おそらく滉一の言っていることは本当なのだろう。別にそのことはいいのだ(後日滉一の部屋にあったファッション雑誌を全部燃やしたけど)。私が許せなかったのはその女の写真はあるのに私の写真がなかったことに苛立ちを覚えた。
私のことが好きって言ったくせに...コウくんのバカ
あれから数日まともに口をきいていない。はじめは無視していることに気がついていなかったが、朝になっても不貞腐れている私を見て謝ってくれたが、それでも私はやめなかった。普段なら許しているのだが、こんなに長期戦になるとは思ってもみなかった。それほど今回のことは傷ついたのだ。自分でもこのむしゃくしゃする気持ちを制御できない。

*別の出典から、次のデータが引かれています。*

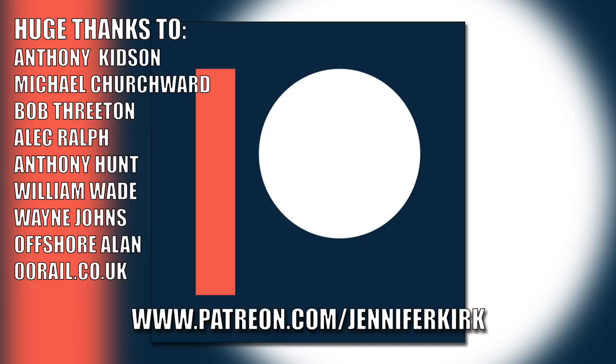Well, I hope that was informative to you and that you enjoyed watching that. Don't forget to tickle that like button and really importantly don't forget to share as well — let other people know about this video. Until next time, this is me Jenny Kirk saying you take really good care of yourself, and I look forward to seeing you back here again next time. Bye for now. Today's video has been brought to you in part thanks to the generous donations of my fans on Patreon — a huge extra special thanks goes out to Anthony Kidson, Michael Churchwood, Bob Threaton, Alec Ralph, Anthony Hunt, William Wade, Wayne Johns, Offshore Allen, and oorail.co.uk. If you'd like to help support the show, head on over to patreon.com/jenniferkirkmodels.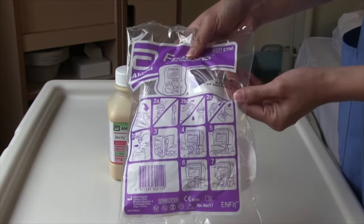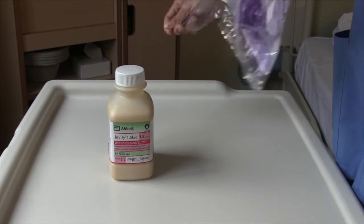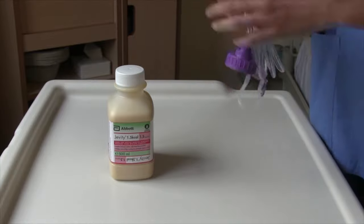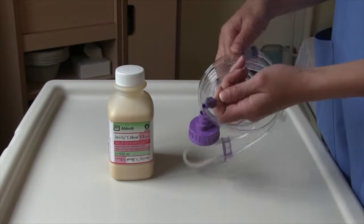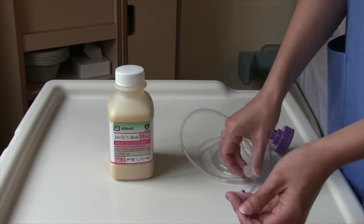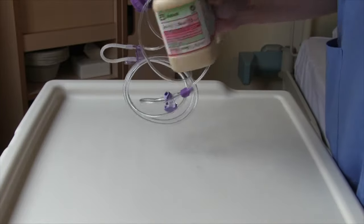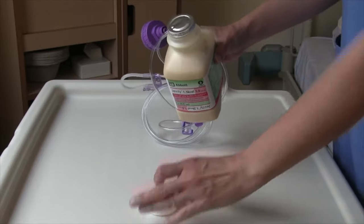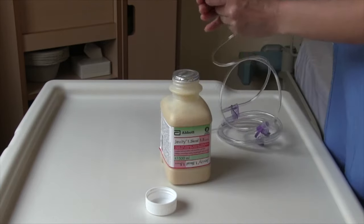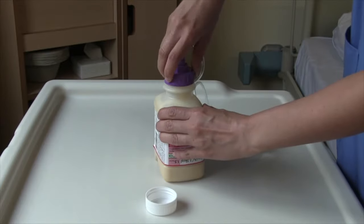Take your giving set package and check the expiry date to ensure the package is within date. Open the package and take off the paper strip. Ensure the end of the tube is not touching any surrounding surfaces to avoid contamination. There is a cap provided that is attached to your tube that you can place over the end. Take the protective cap off the bottle. There is a seal in place — do not puncture the seal with your hands or any objects. Screw the giving set onto the feed and this will automatically break the seal.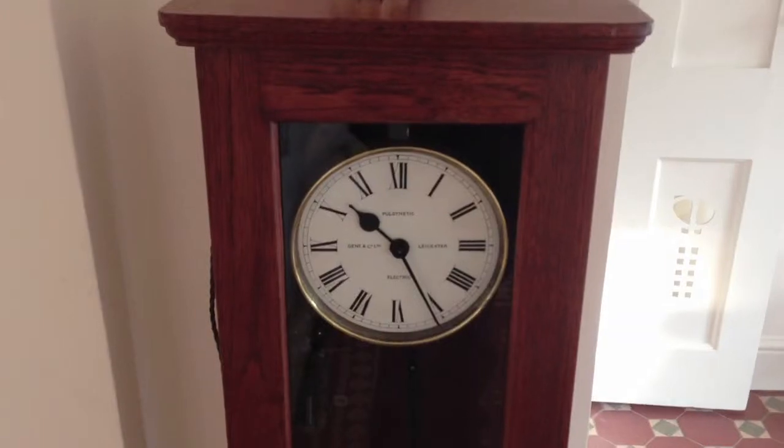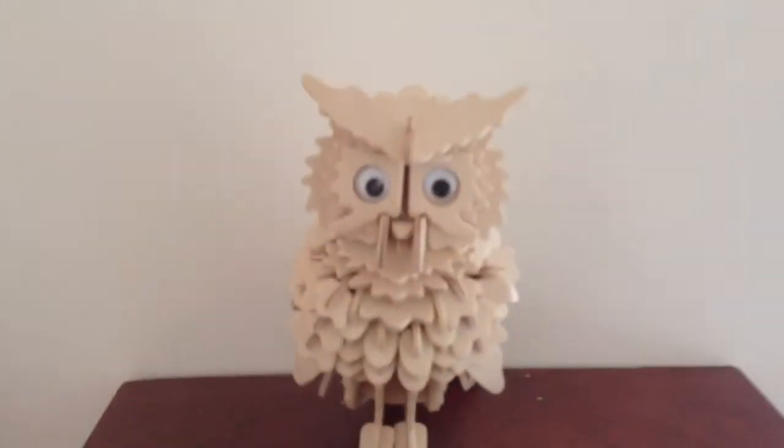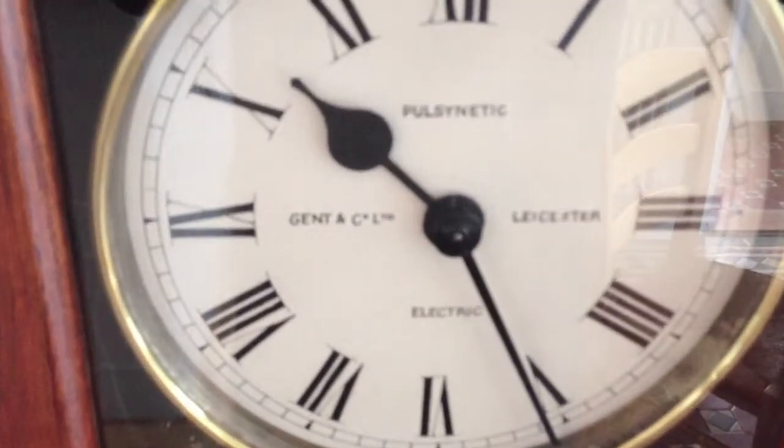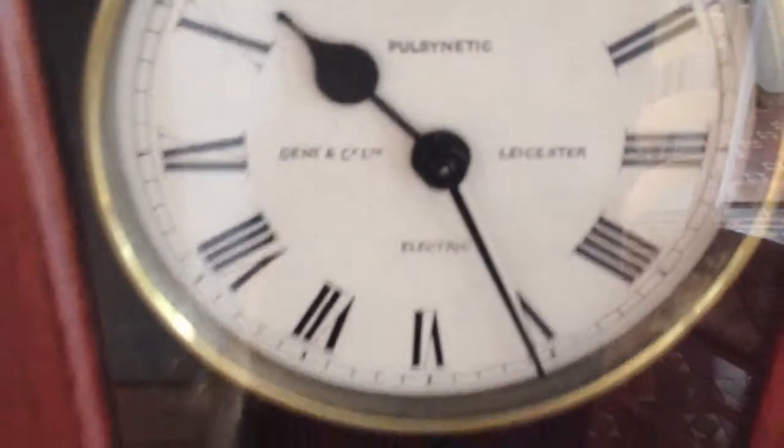This is a Pulsinetic clock built in the 1920s. This clock was built in 1920 in Leicester and it's made of teak.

鏡でポニーテールに纏めた髪を確かめ、リビングに向かう。家には自分しかいないため、ワンピースを脱ぎ外着に着替える。
*****
今日は朝から洋服小売店の外回りであった。午後からも3軒ほど回る予定なのだが。午前最後の店舗を回った後、ぽつぽつと雨粒が滴った。バッグから折りたたみ傘を取り出そうと漁るが、傘らしき手応えがなかった。どうも家に忘れてきてしまったようだ。普段は麻知が雨の予報がでるとお弁当とともに傘を持たせてくれるのだが、ここ数日に限っては事態が違った。
「ちゃんと麻知の写真もあるんだけどなぁ...」
定期入れを取り出し、中を開けた。そこには旅行の時に二人で撮った写真が入っていた。麻知の写真は肌身離さず持っていたかったので会社に置いていなかっただけなのだが..
「しばらく許してはくれないだろうなぁ」
麻知が3日も無視を続けるのは初めてだった。普段は嫌味を言ったり、仕返しをしてくるのだが。ちなみに今回は雑誌が鋭利なもので無残に切り裂かれていた。

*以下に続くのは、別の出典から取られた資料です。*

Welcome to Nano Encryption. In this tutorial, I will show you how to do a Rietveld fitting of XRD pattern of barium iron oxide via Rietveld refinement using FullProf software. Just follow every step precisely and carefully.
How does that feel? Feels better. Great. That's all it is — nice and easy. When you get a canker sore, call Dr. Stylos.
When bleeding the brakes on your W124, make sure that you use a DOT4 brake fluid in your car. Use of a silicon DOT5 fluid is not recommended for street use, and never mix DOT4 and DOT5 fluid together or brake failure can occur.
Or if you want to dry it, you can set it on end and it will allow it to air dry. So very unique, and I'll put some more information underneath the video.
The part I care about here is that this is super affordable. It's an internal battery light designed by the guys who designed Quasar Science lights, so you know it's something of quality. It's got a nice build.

私は雨宿りついでに忘れものを取りに一旦家に帰ろうと自宅の方向に向かって歩いていた。家に帰ったところで麻知は無言で傘を渡してくるだろうが、仕方ない。今回は私に非がある。小走りで家に駆け込む。
「ただいまー」
返事はなく。居間に続く廊下は静かであった。私は一旦洗面所に向かいバスタオルを取り、髪をくしゃくしゃとタオルドライしながら、リビングに向かった。
「ただいま.....あ。」
リビングに入るなり私の目にうつったのは下着姿の麻知だった。ソファーには普段着がかけられており、着替えていたことが分かる。スカートを穿こうとしていたのか黒タイツに包まれた脚は露わとなっていた。上半身は下着だけを纏っており、麻知の真っ白な肌が大人びた黒の下着により際立って見えた。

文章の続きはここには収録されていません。